• About this exercise
Would you return each record that follows word for word, without its pictures?

• Dataset extract
::::::::::

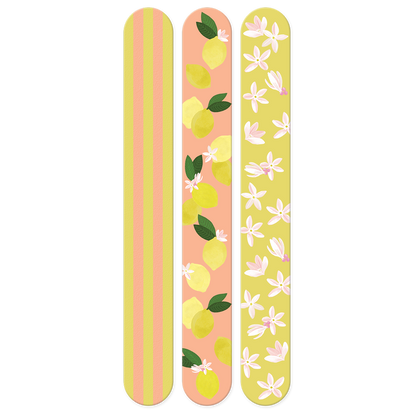 Fruit & Fleur Nail File Set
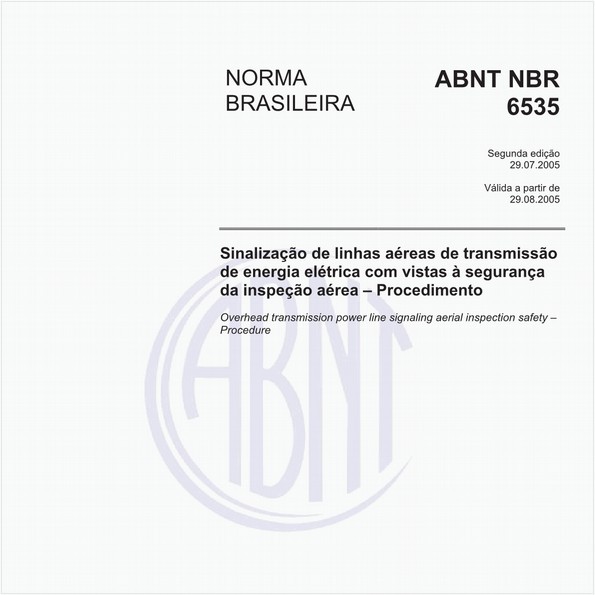 NBR6535 de 07/2005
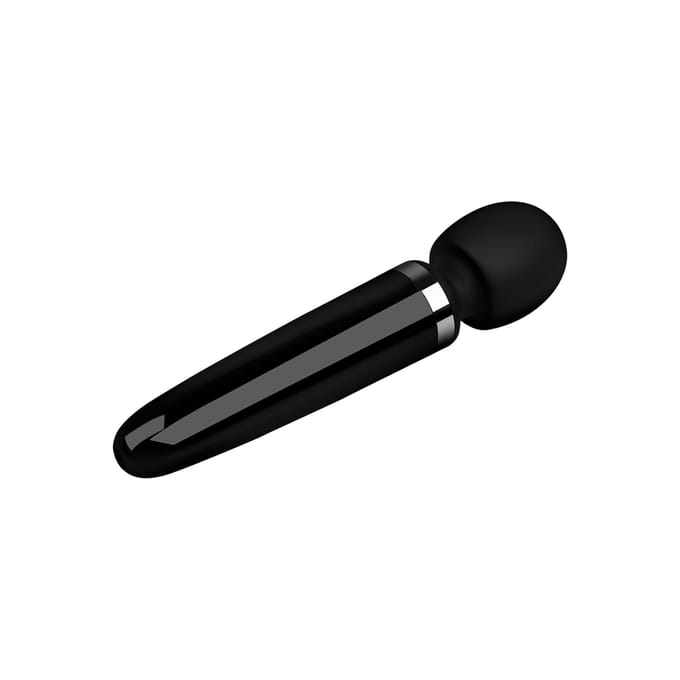 Bodywand - Aqua Mini Oplaadbare Wand Massager Zwart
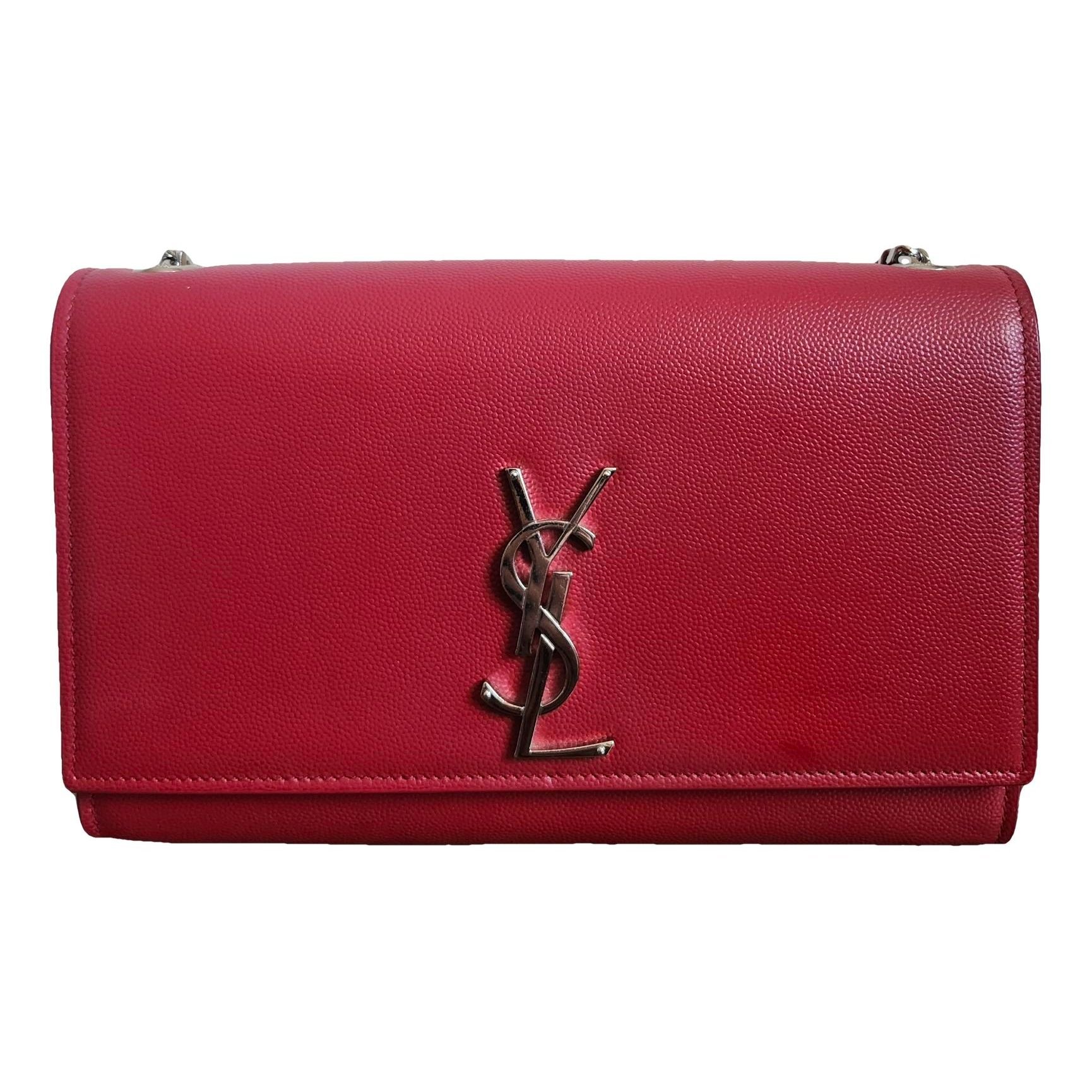 Kate monogramme leather crossbody bag
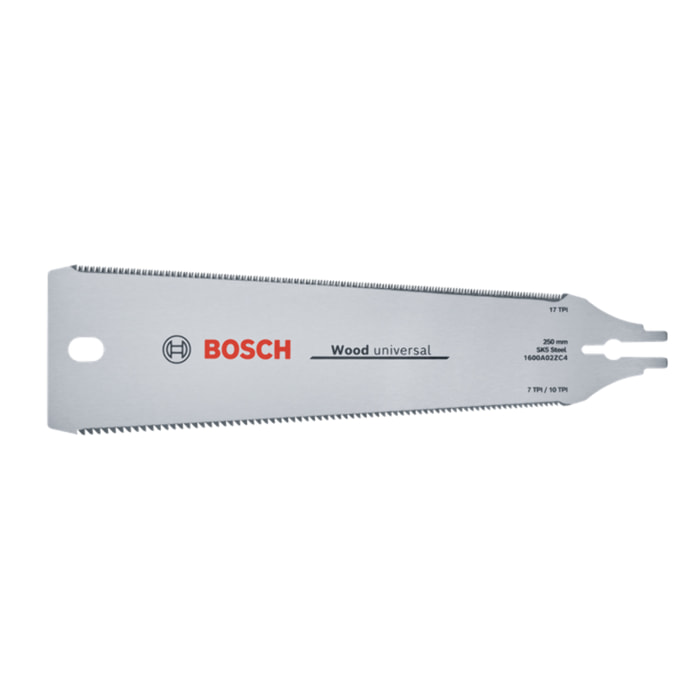 Lame de scie japonaise Ryoba de 250 mm - BOSCH - 1600A02ZB9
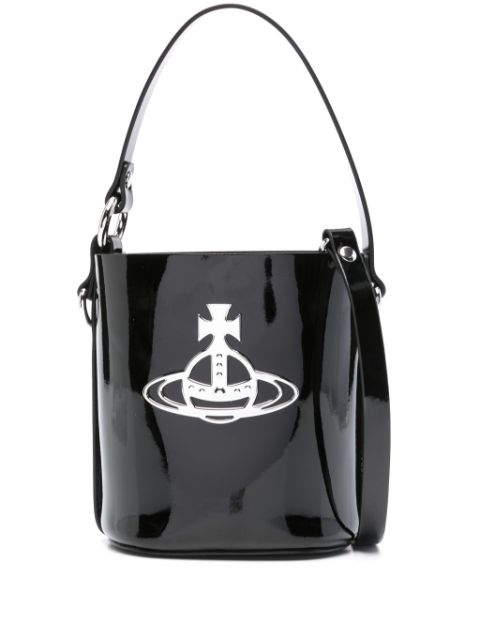 Vivienne Westwood Daisy leather bucket bag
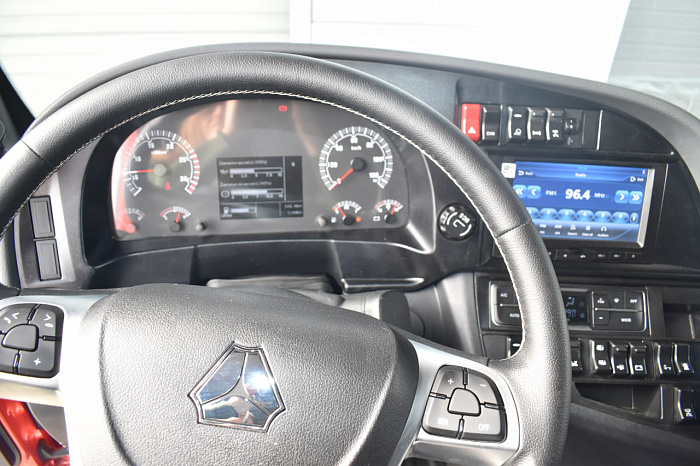 SITRAK C7H 6x4 усиленный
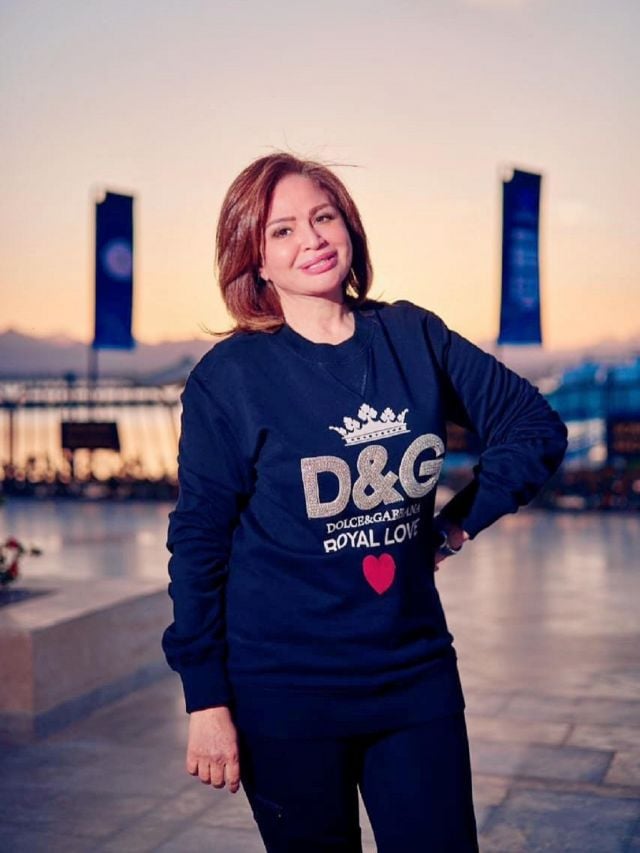 الفنانة إلهام شاهين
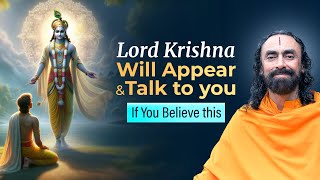 GOD will Appear and Talk to you If you Believe this  Real Motivational Story  Swami Mukundananda [upl. by Aneekan]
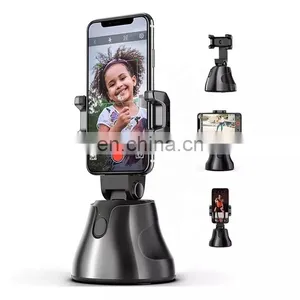 360 Object Tracking Holder Smart Selfie Stick Vlog Shooting Smartphone Mount Holder Phone AI Intelligent 360 Auto Face Tracking thumbnail-2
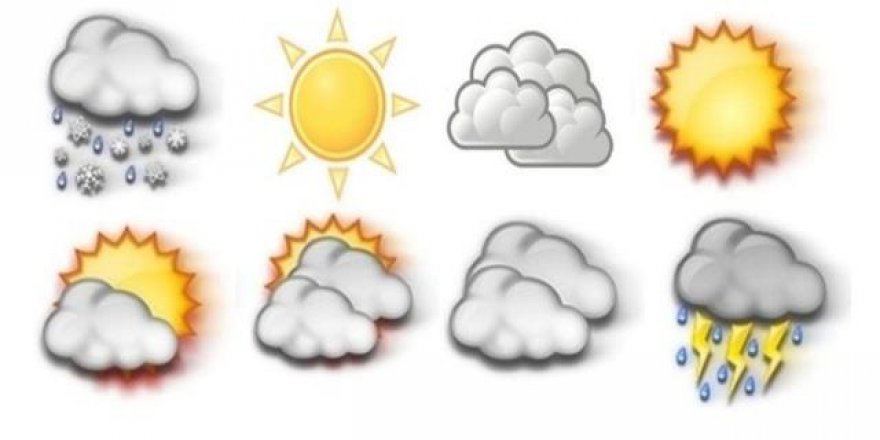 Hafta sonu hava durumu: Meteoroloji uyardı, bahar yağmurları geliyor!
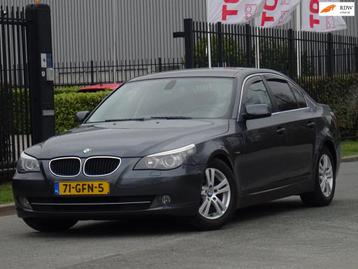 BMW 5-serie 520i Business Line BJ2008 NAP/NAVI/PDC *EXPORT* beschikbaar voor biedingen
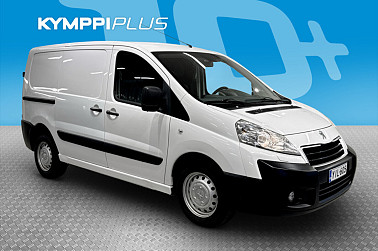 Peugeot Expert L1H1 1,6 HDi 90 FAP *Suomi-auto / Webasto / 2x renkaat** - RAHOITUSKORKO tähän autoon vain 1,99% - Vasta katsastettu / Juuri huollettu
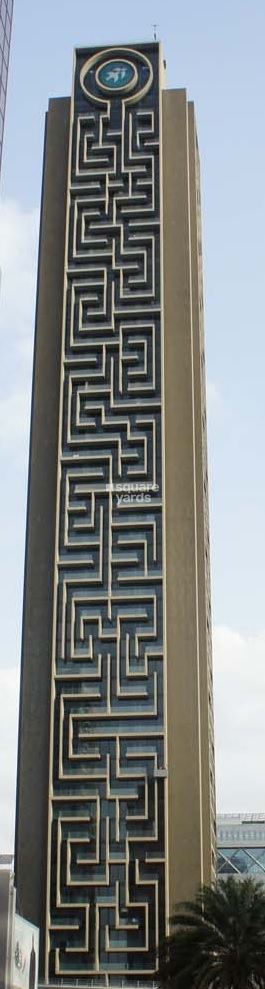 Al Rostamani The Maze Tower Tower View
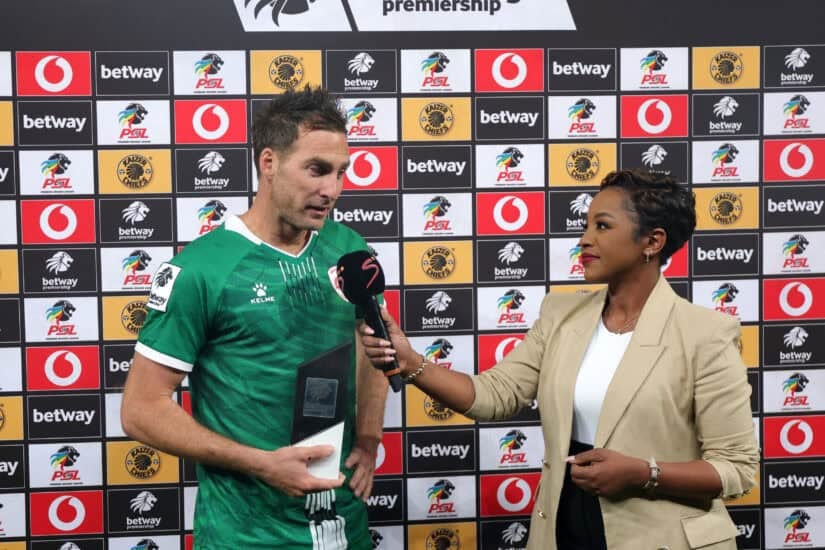'They told me I'm old', Grobler takes dig at Kaizer Chiefs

::::::::::

• Answer section
 Fruit & Fleur Nail File Set
 NBR6535 de 07/2005
 Bodywand - Aqua Mini Oplaadbare Wand Massager Zwart
 Kate monogramme leather crossbody bag
 Lame de scie japonaise Ryoba de 250 mm - BOSCH - 1600A02ZB9
 Vivienne Westwood Daisy leather bucket bag
 SITRAK C7H 6x4 усиленный
 الفنانة إلهام شاهين
 GOD will Appear and Talk to you If you Believe this  Real Motivational Story  Swami Mukundananda [upl. by Aneekan]
 360 Object Tracking Holder Smart Selfie Stick Vlog Shooting Smartphone Mount Holder Phone AI Intelligent 360 Auto Face Tracking thumbnail-2
 Hafta sonu hava durumu: Meteoroloji uyardı, bahar yağmurları geliyor!
 BMW 5-serie 520i Business Line BJ2008 NAP/NAVI/PDC *EXPORT* beschikbaar voor biedingen
 Peugeot Expert L1H1 1,6 HDi 90 FAP *Suomi-auto / Webasto / 2x renkaat** - RAHOITUSKORKO tähän autoon vain 1,99% - Vasta katsastettu / Juuri huollettu
 Al Rostamani The Maze Tower Tower View
'They told me I'm old', Grobler takes dig at Kaizer Chiefs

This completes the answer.